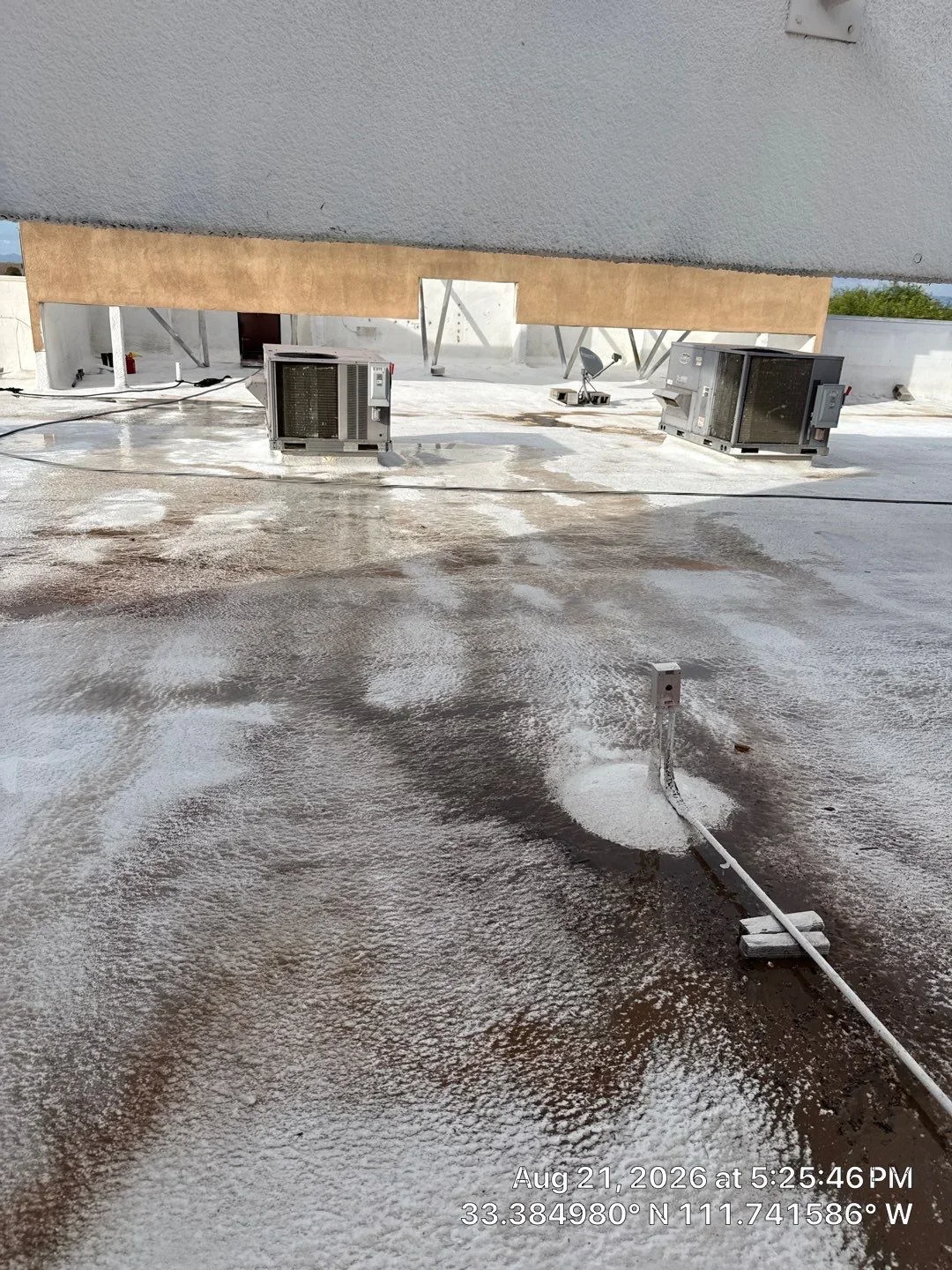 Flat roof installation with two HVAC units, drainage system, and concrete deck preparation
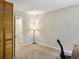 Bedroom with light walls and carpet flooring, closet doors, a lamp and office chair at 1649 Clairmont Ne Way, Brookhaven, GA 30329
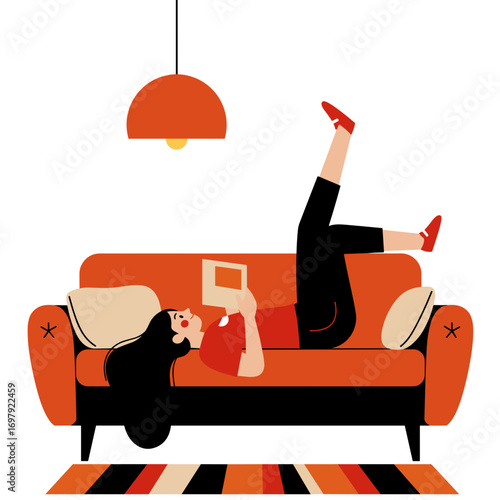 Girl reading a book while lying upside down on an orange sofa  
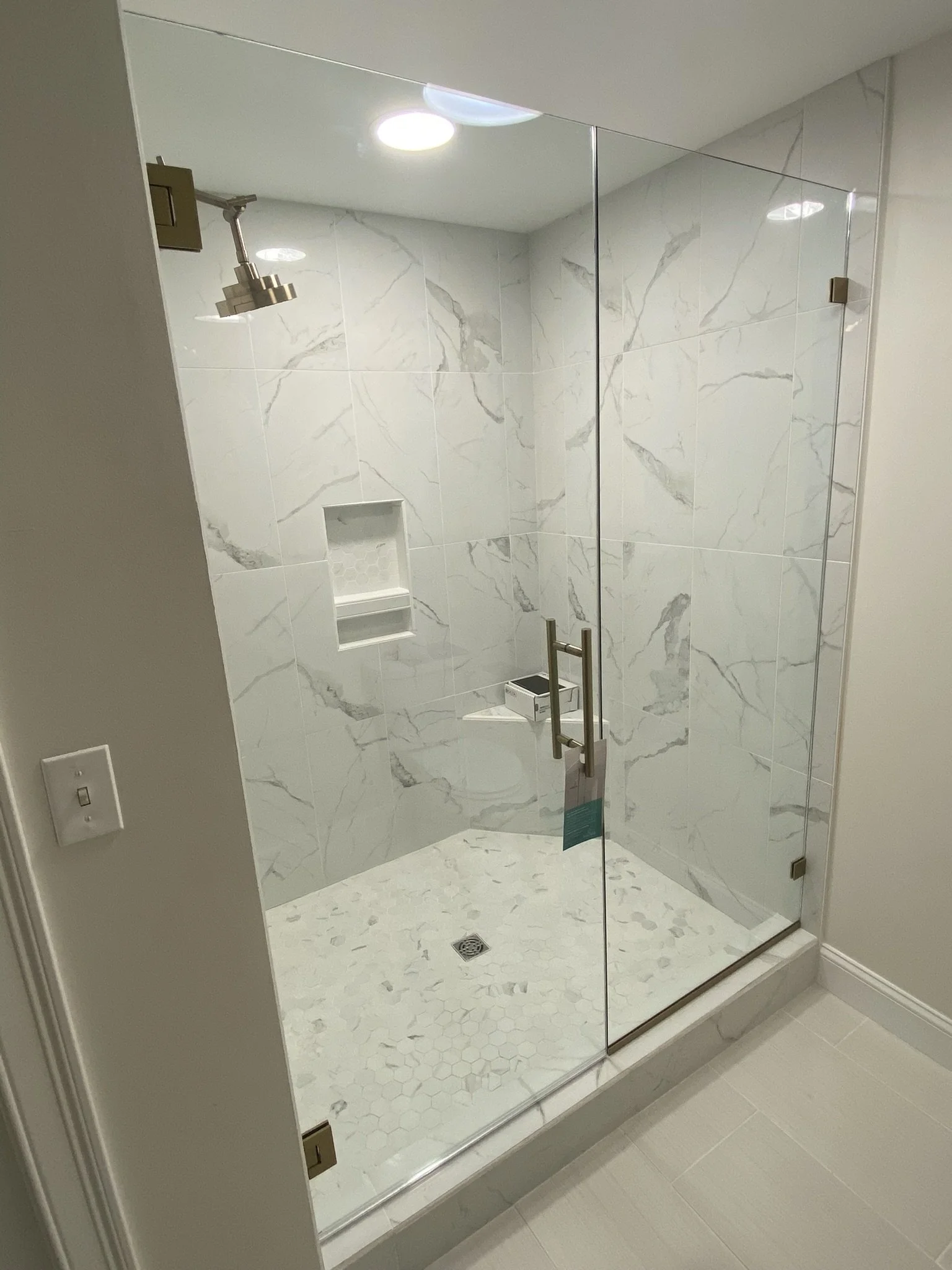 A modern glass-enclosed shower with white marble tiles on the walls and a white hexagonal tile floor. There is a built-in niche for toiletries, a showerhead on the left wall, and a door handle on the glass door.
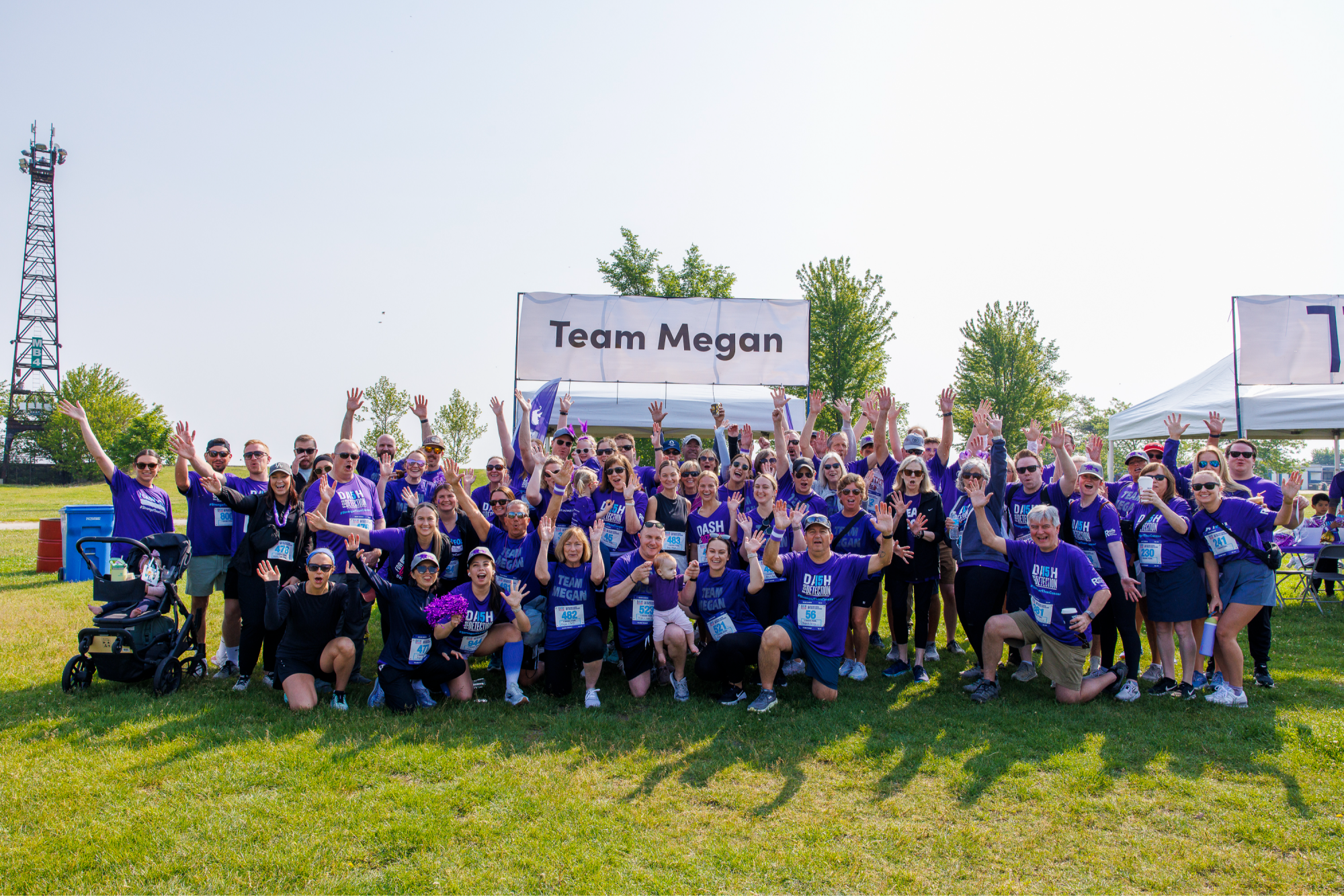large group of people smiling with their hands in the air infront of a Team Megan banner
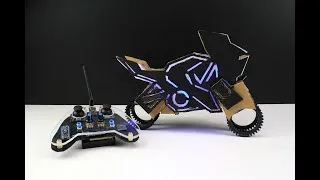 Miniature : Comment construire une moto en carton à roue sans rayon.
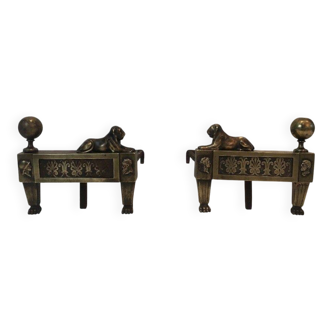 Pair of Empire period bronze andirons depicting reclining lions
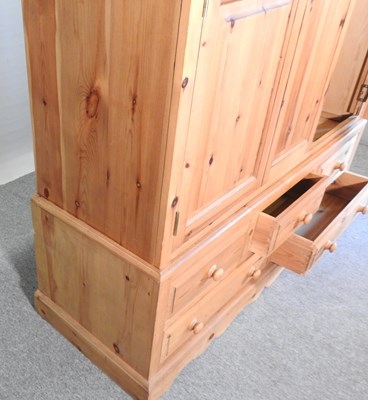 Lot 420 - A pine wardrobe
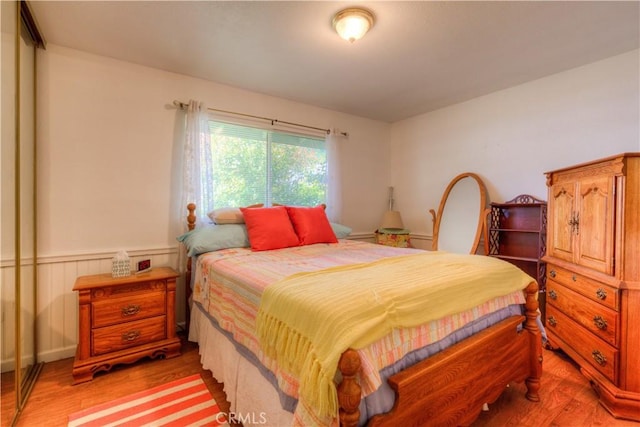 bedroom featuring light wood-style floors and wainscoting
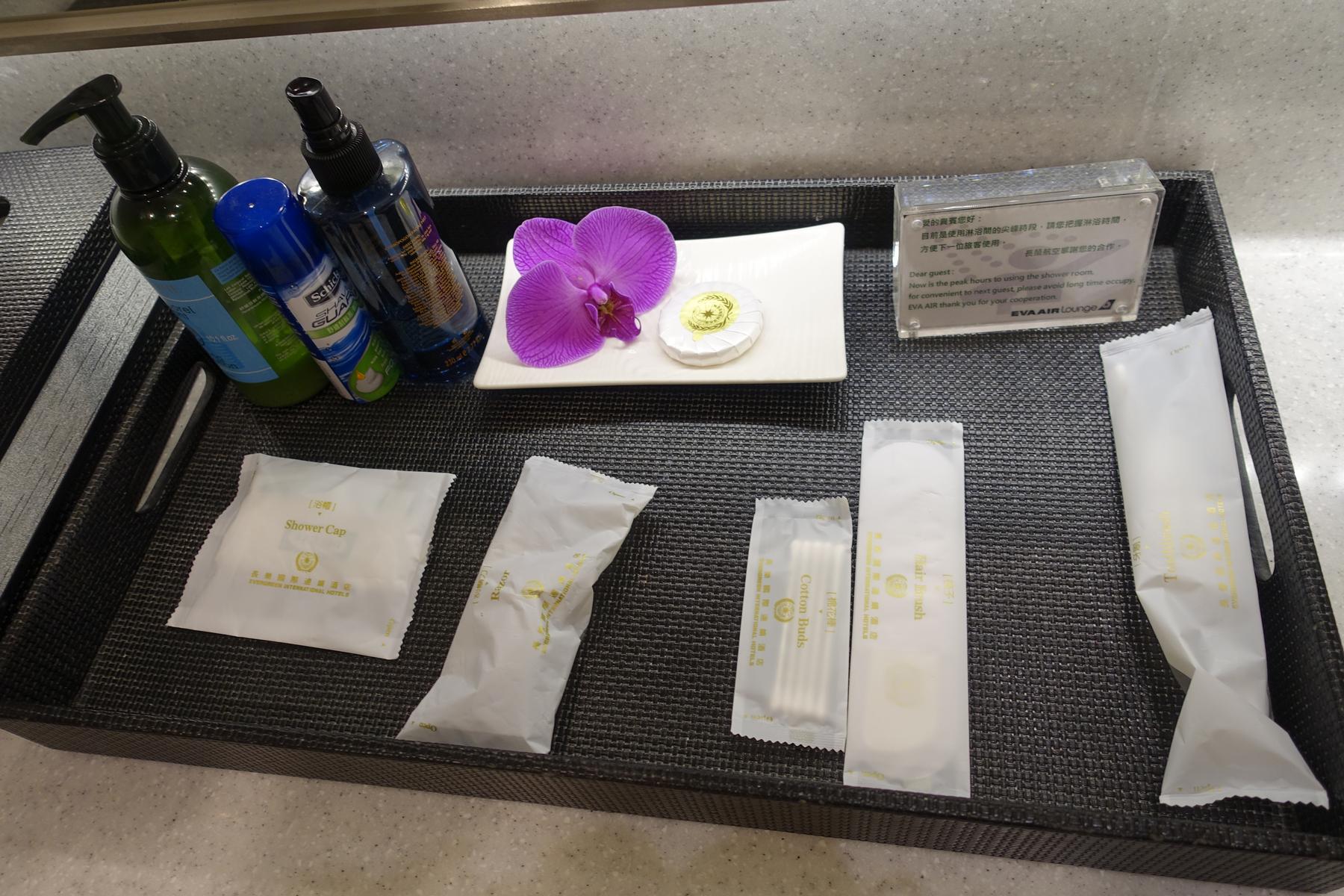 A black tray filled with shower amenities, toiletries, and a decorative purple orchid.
········
(What is required)
Once the line with "Miniature : Comment" has been found above, output that line and every later line exactly, stopping after the line with "bedroom featuring light", and omit the pictures.

(Result of the exercise)
 Miniature : Comment construire une moto en carton à roue sans rayon.
 Pair of Empire period bronze andirons depicting reclining lions
 Lot 420 - A pine wardrobe
 bedroom featuring light wood-style floors and wainscoting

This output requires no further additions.